Currently, our code uses the newer plinkio python library which enables us to read the files in line by line (or chunks) and insert the data into Numpy and subsequently Pandas dataframe. Although, currently we are dealing with a rather small dataset (1,000 by 10,500), for larger datasets we plan to implement the HDF5 protocol using PyTables and Pandas.
The advantage of Pandas is the ability to view and slice data without making copies. Moreover, we can embed identification, chromosome, and SNP information which yields to more efficient indexing and eliminates the need to constantly check the intersection between numerous plink files and bed file contents.
The largest obstacle to quick implementation of the LEAP algorithm are its present dependencies on Fortran libraries and compilers through its use of fastLMM, scipy.linalg.blas, and other obscurities. Consequently, one of our goals is to be able to run LEAP efficiently without recourse to these elements. However, more importantly is an inability to directly replicate the original LEAP code due to our inability to use some functions or read the code. In the latter case, the fact that functions are scattered about 3 or 4 separate files and do not include INPUT/OUTPUT descriptions made the code painstakingly difficult to compherend. Unfortunately, the paper describing the algorithm is equally good at obscuring many of these details.

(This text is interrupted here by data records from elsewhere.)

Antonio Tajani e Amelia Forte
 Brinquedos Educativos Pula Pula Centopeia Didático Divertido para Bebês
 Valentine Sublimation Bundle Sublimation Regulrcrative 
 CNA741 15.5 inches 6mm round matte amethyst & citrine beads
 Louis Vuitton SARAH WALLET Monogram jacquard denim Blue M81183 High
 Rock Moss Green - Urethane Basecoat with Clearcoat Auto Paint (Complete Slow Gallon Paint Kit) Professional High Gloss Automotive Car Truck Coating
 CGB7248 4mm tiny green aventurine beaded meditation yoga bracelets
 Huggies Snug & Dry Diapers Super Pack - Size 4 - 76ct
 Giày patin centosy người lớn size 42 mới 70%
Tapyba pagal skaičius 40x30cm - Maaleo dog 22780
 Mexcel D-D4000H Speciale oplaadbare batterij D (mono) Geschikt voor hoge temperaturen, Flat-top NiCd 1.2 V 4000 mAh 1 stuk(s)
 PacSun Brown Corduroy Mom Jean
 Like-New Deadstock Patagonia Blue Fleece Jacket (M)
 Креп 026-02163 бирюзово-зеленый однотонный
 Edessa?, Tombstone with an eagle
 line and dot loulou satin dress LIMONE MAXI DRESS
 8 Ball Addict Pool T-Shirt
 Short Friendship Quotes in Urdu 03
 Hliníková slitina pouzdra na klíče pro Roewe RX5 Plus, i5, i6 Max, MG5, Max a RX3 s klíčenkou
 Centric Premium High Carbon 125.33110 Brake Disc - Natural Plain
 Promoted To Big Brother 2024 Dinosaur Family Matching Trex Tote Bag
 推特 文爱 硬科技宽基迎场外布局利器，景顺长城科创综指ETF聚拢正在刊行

Then, of course, there is the former issue. The code, for example, utilizes the Fortran blas.dsyrk function to quickly compute the $XX^T$ matrix or the unnormalized covariance matrix where $X$ is a $n (\text{num of subjects})\times p (\text{number of SNPs})$ matrix of SNP values (0, 1,2 in dataset1) normalized to have a mean 0. Since we could not implement it, we used np.dot($X,X^t$) -2 times faster than np.cov- to compute $XX^T$ and then estimate the covariance matrix by dividing the above by the number of SNPs. The joy, however, doesn't stop there. It is, apparently, a well known issue that the empirical covariance estimate does not serve well for the eigenvalue decomposition of the matrix and instead we should use shrunkage covariance estimators. To this end, we compared the following off the shelf algorithms in Scipy: Oracle Approximating Shrinkage(OAS) and Ledoit-Wolf shrinkage estimators while skipping the cross-validation option due to fears of computational intractability. The OAS estimator yielded the closest covariance matrix values to the ones in the original LEAP algorithm while the Ledoit-Wolf estimator heavily underestimated them. Consequently, we stuck with OAS.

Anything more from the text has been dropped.